Personal information
- Date of birth: 21 July 1984 (age 40)
- Original team(s): Spotswood/Western U18s
- Debut: Round 19, 7 August 2004, Kangaroos vs. Sydney, at S.C.G.
- Height: 184 cm (6 ft 0 in)
- Weight: 89 kg (196 lb)

Playing career^{1}
- Years: Club / Games (Goals)
- 2004–2006: Kangaroos / 8 (1)
- ^{1} Playing statistics correct to the end of 2006.

= Callum Urch =

Australian rules footballer (born 1984)

Callum Urch (born 21 July 1984) is an Australian rules footballer who played for the Kangaroos in the Australian Football League.

After attending Caroline Chisholm Catholic College in Braybrook, Urch made his debut against the Sydney Swans in Round 19 at the Sydney Cricket Ground in 2004. He was part of the 40 point 3-quarter time deficit revival that saw the Kangaroos come back in Glenn Archer's 250th game to win against the odds.

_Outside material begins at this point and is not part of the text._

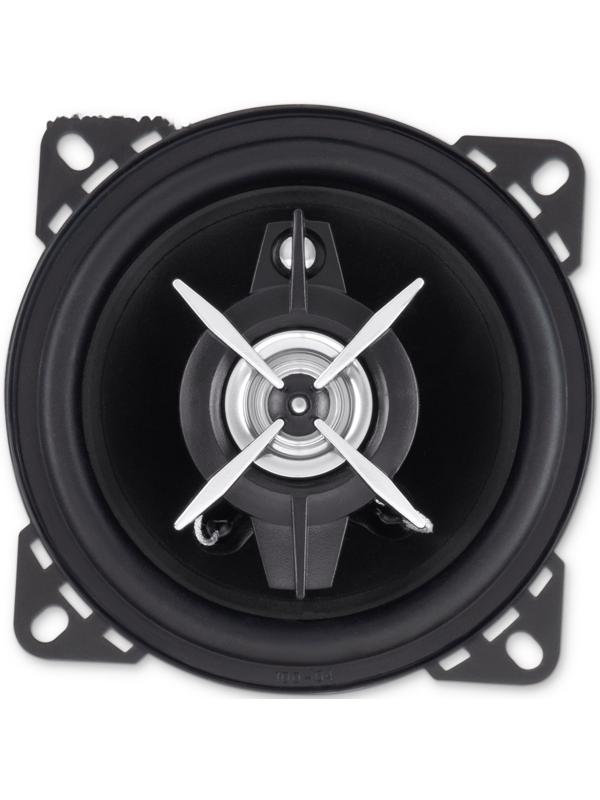 Акустическая система Digma DCA-T402, 10 см, 180 Вт, набор 2 шт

After playing just the 8 games over three years, and no games in 2007, he was delisted from the Kangaroos list at the end of the 2007 AFL season. He was then recruited by Victorian Football League club Williamstown, before moving to Darley in the Ballarat Football League in 2009.

In April 2013 Urch was arrested and charged with cocaine trafficking charges after a police investigation into waterfront corruption.